Soccer Mommy Grieves Passing Time with "yellow is the color of her eyes"

Sophie Allison's second new song this year comes to terms with the dissociation of life on the road.

Brian Ziff

Sophie Allison has experienced a whirlwind in the two years since her momentous debut Clean struck the indie rock world.

Her career might still be in its early stages, but Allison knows firsthand the crushing side effects of ceaseless touring. She hints at them on "yellow is the color of her eyes," Soccer Mommy's second new single of the year. The seven-minute epic is Allison at her dreamiest, her featherlight vocals backed by hypnotic, descending guitar riffs that feel more detached than the grungy spirit that permeated Clean. These aesthetics are a fitting backdrop for the story of "yellow," in which her fears of losing time culminate as she misses her mom back at home. As Allison sings of time escaping her, "yellow" invokes a similar lapse in time as its spellbinding pace drifts on.

Allison is proficient in catchy melodies and couplets, of which "yellow" contains plenty: "I'm falling apart over a memory / And the weight in my heart is getting too heavy / 'Cause every word is a nail that slips in slowly / And I can't hammer it down enough to keep holding." But even with her poppy roots guiding her, Allison still often embraces the grim and grotesque.

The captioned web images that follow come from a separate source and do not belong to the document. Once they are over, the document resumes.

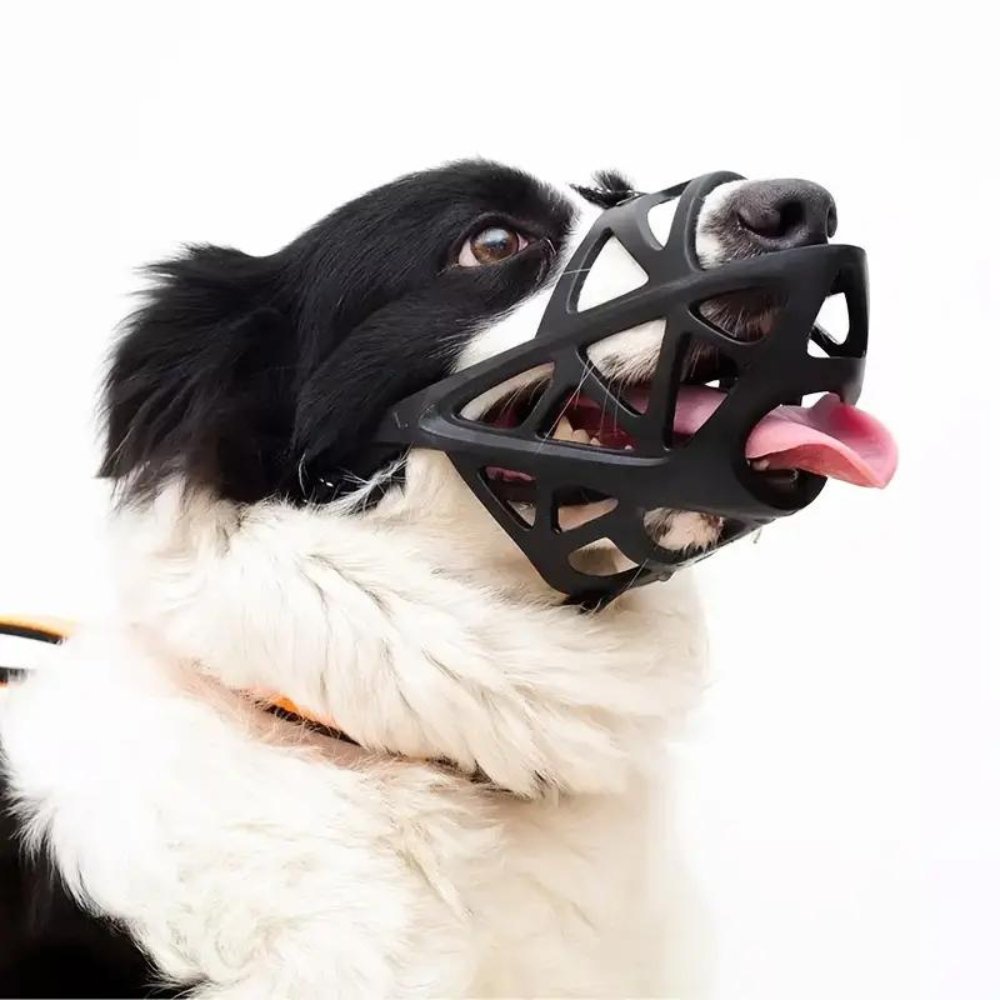 GentlePaws Kutya Szájkosár Pro a Mindennapi Biztonságos Kezeléshez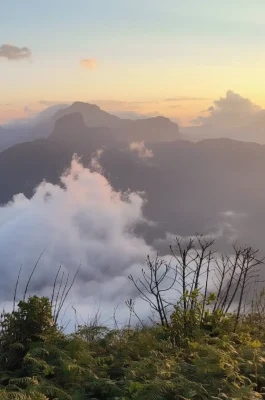 Lao Than Peak: Y Tý's Premier Cloud Hunting Trekking Destination
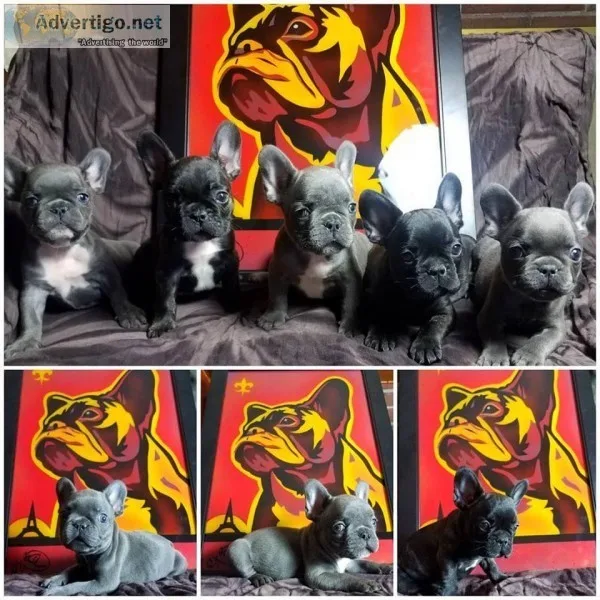 FRENCH BULLDOG PUPPIES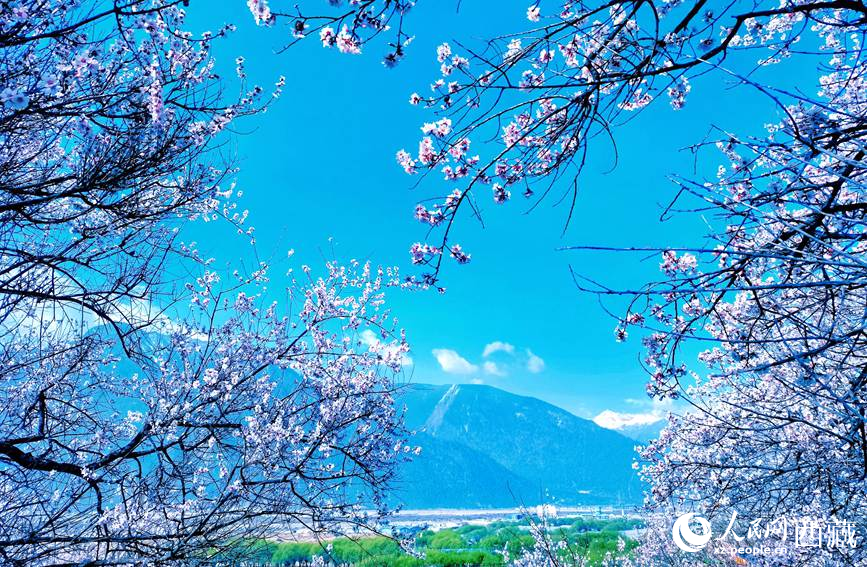 藍天與桃花相映成趣。 人民網(wǎng) 李海霞攝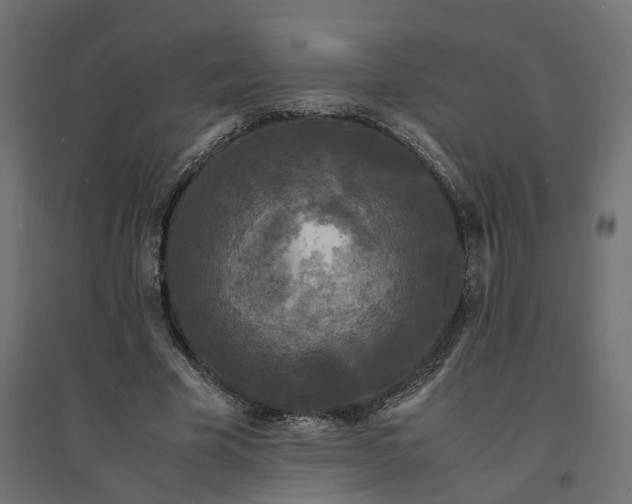 X0000094430585200711211435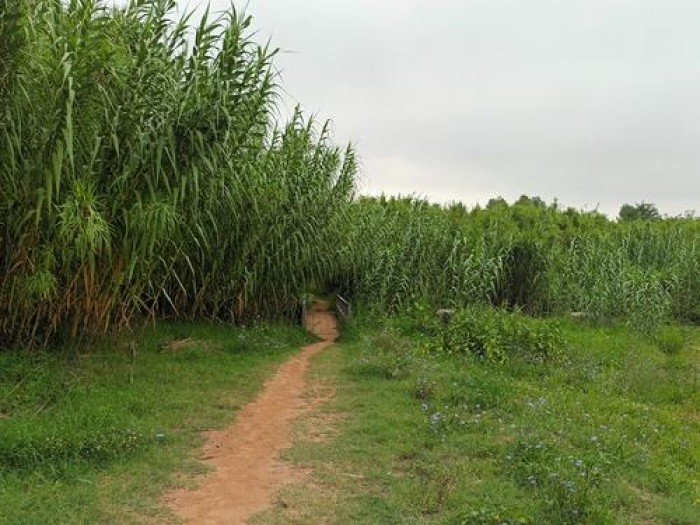 Imatge de la notícia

She blatantly alludes to her mother's eventual death here—"Loving you isn't enough, you'll still be deep in the ground when it's done"—the type of sudden, wide-eyed realizations that comprise the best Soccer Mommy songs.

Allison is an endlessly sharp and stirring songwriter; and as the extended coda of "yellow" gives way to beguiling electric guitar and harp solos, it invites us to think about where time and life have escaped us, even at home.